Platon Les amateurs de philosophie connaissent tous le nom de Jean-François Mattéi qu’il ne faut pas confondre avec son homonyme, l’homme politique, qui vit lui aussi à Marseille, dans la même rue… Jean-François Mattéi a été professeur à l’Université de Nice et est l’un des plus grands spécialistes français de philosophie antique et de Platon en particulier. Il est aussi un grand lecteur de Nietzsche et de Heidegger et a consacré de nombreux essais à l’étude du monde moderne et plus précisément à sa barbarie.Ce grand écart pourrait a priori paraître étrange.

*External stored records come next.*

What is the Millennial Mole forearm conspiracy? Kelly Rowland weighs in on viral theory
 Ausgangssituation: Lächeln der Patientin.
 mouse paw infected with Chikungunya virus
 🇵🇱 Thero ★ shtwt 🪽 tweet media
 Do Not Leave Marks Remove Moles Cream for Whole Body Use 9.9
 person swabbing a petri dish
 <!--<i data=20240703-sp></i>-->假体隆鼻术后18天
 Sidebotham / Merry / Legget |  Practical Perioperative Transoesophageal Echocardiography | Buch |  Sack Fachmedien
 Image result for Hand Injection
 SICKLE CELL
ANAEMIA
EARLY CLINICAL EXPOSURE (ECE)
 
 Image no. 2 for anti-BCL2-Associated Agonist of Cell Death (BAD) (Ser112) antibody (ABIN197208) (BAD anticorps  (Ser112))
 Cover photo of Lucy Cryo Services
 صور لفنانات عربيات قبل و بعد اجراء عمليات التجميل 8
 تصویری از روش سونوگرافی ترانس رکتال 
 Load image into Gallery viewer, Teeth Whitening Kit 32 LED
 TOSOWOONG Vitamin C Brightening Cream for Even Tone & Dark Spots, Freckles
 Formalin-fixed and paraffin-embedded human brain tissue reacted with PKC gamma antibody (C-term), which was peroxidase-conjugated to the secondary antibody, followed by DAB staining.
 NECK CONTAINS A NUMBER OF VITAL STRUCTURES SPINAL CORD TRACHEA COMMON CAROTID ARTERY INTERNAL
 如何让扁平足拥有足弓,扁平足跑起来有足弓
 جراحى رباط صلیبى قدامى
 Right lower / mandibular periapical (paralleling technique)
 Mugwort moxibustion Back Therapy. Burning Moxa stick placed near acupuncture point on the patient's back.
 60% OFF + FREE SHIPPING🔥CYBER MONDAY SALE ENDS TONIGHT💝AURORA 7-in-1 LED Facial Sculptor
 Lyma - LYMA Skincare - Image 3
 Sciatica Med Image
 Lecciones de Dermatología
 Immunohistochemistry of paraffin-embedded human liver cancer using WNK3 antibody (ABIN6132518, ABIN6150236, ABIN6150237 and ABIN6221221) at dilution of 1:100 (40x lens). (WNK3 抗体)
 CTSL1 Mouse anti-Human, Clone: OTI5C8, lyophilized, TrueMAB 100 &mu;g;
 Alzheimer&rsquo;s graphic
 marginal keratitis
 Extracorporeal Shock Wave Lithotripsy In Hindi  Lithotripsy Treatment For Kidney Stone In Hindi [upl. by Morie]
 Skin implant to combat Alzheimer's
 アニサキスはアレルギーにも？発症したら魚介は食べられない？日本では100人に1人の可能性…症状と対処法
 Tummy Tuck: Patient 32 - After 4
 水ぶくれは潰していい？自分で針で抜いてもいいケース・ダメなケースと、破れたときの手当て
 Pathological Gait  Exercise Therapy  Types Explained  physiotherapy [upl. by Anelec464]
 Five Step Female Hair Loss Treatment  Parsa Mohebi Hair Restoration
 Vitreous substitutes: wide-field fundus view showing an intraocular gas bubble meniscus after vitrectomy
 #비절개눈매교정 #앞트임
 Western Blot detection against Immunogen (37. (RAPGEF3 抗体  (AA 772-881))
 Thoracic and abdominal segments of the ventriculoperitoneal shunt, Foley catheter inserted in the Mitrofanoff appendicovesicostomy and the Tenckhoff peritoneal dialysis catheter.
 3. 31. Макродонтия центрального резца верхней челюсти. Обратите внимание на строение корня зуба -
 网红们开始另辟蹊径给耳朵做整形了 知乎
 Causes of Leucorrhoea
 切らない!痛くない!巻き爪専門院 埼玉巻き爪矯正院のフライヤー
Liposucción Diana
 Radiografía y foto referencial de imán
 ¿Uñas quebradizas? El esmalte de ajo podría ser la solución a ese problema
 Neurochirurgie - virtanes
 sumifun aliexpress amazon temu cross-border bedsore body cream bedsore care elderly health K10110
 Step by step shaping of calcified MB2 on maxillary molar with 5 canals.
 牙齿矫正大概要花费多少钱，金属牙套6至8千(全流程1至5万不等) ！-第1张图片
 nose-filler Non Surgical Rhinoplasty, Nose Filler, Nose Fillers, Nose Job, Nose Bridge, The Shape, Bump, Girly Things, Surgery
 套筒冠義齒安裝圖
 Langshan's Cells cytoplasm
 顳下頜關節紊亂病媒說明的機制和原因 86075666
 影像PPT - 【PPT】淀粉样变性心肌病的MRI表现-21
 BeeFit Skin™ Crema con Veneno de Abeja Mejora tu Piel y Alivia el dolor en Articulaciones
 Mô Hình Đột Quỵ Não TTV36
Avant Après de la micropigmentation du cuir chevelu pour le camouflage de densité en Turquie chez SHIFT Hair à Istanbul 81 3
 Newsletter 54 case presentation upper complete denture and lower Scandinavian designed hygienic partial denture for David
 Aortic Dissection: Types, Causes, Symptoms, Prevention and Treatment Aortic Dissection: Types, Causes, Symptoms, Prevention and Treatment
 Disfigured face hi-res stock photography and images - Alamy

Pourtant il ne l’est pas. Nietzsche et Heidegger furent eux aussi d’immenses lecteurs des Grecs et cela pour une raison toute simple : leur dire fut essentiel. Dans son “Que sais-je ?” consacré à Platon, Mattéi rappelle ce que disait Whitehead, à savoir que « la façon la plus sûre de caractériser la tradition philosophique occidentale est qu’elle consiste en une suite de notes en bas de page de Platon. » Cela serait moins excessif si Whitehead ne réduisait pas la pensée grecque au seul Platon. Car il faut bien reconnaître que l’Occident a pour terreau philosophique (et donc politique) la Grèce antique. L’une des thèses qui traverse l’œuvre de Mattéi est que la crise du monde moderne vient d’un oubli des Grecs. Si nous les lisions vraiment et si nous savions en tirer des leçons, sans doute les choses iraient-elles bien mieux.
Dès la première ligne, Mattéi rappelle que « le vingtième siècle aura été le siècle de la démesure. » Démesure de la politique qui a entraîné deux guerres mondiales, différents génocides et l’utilisation de la bombe nucléaire ; démesure de l’homme puisque c’est en son nom que ces horreurs ont été commises ; et enfin démesure du monde dont la science s’occupe de percer les mystères pendant que la technique asservit la nature et que l’économie mondialisée a « privilégié le prix des choses au détriment de la dignité des hommes. » Mattéi note que tous les penseurs du XXe siècle – qu’ils soient marxistes, libéraux ou affiliés de plus ou moins près à ces courants – voient l’origine de toutes les démesures non dans les passions, mais, bien au contraire, dans la raison elle-même. Le mal serait le fruit de l’intelligence et le mal, c’est la démesure. Celle-ci serait la caractéristique de la modernité qui n’aurait rien à lui opposer si ce n’est la démesure elle-même. Ainsi en fut-il des goulags soviétiques comme réponse à la démesure bourgeoise.
Mattéi part de ce triste constat pour nous faire voyager à travers la pensée grecque et nous montrer que l’opposition de l’hubris et de la dikè, de la démesure et de la justice était déjà au centre des préoccupations de la Grèce antique et que c’est sans doute en relisant les Grecs que certaines solutions apparaîtront.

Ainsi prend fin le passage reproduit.